I mentioned Joel R. Beeke a few paragraphs ago.  Whereas I fight back being jealous of Mark Jones’ youth and brilliance, I have to combat a different type of jealousy regarding Joel R. Beeke, who is close to my age.  Pastor Beeke produces books faster than most people read them.  He writes, edits, compiles, or reprints and promotes more books than I can keep up with.  He may be the leading expert on the Puritans in our time.

I recently read and greatly enjoyed his latest book Reformed Preaching.

See the source imageTake this warning:  No man dare enter the pulpit without reading deeply, prayerfully, slowly, repeatedly, and thankfully from this book.  It is a wealth of practical instruction and guidance for the pastor and speaker.  Also, it is a history of preaching.  In fact, much of the book is a history of the preaching styles and focus of great preachers.  The history begins with the Reformers, and that does not mean just Calvin and Luther.  No surprise also that Beeke, as a proponent of the Puritans and their theology, includes lots of biographical and exhortative information about those hardy Englishmen.

There are also chapters devoted to Dutch preachers.  I can never really decide who were the greatest:  The Puritans, the Scots, or the Dutch.  I don’t have to pick a favorite, and they are all described here.  Some of the more recent preachers like Martyn Lloyd-Jones are included as well.  Even though the history section of this book is lengthy, I would have enjoyed yet another one or two hundred pages of such material.
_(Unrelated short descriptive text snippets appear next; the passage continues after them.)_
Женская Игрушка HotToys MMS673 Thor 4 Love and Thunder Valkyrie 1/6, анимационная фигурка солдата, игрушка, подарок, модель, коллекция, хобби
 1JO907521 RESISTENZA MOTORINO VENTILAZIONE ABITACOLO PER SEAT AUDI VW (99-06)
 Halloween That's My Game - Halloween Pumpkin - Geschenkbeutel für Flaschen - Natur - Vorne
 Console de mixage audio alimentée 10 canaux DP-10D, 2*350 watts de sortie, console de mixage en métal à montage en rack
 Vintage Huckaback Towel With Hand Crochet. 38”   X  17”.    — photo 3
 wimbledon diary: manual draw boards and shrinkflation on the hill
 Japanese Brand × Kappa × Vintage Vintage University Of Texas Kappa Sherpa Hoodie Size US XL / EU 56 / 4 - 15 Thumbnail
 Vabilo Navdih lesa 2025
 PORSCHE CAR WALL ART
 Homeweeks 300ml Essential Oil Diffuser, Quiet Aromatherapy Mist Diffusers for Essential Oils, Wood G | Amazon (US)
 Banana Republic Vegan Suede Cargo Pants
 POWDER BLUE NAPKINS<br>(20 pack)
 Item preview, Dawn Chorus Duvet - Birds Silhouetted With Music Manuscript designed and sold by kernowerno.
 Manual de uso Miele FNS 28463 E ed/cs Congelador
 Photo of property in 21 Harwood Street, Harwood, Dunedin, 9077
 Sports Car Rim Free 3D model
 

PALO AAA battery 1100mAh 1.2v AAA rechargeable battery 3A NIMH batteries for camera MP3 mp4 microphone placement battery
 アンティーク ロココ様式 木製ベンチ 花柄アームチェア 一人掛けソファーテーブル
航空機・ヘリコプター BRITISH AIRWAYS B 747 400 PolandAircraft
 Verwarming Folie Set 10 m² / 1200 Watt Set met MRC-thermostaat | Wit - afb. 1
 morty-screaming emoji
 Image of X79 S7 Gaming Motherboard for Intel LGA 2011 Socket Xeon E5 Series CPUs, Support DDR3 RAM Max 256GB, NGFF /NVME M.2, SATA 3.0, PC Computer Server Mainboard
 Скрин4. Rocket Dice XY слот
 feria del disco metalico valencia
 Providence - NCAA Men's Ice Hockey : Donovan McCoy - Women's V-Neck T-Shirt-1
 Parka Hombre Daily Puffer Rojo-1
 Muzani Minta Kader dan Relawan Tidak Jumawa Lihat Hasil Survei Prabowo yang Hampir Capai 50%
Pastors need to be well versed in history and theology, they need to also be grounded in other areas that Beeke addresses.  These included being balanced (Woe are us Calvinists all too often!), being effective (not the same as being successful, but also not the same as being theologically sound), and being holy (and that is not just a scandal in the Roman Catholic Church).

The opening chapter of this book is titled “Reformed Experiential Preaching.”  When I first started this book (in either November or December last year), I read that chapter in one sitting.  The next reading time, I could not bring myself to move on in the book, but chose to read that section again.  I am still planning on reading the last chapter, “Preaching for Holiness,” again.

I have been blessed by being able to put this book in the hands of other preachers.  I wish I could give out a hundred copies of it.  My preaching career is over, so it seems, but still I found the book helpful and soul-nourishing.  The man or woman in the pews can read this as profitably as the preacher.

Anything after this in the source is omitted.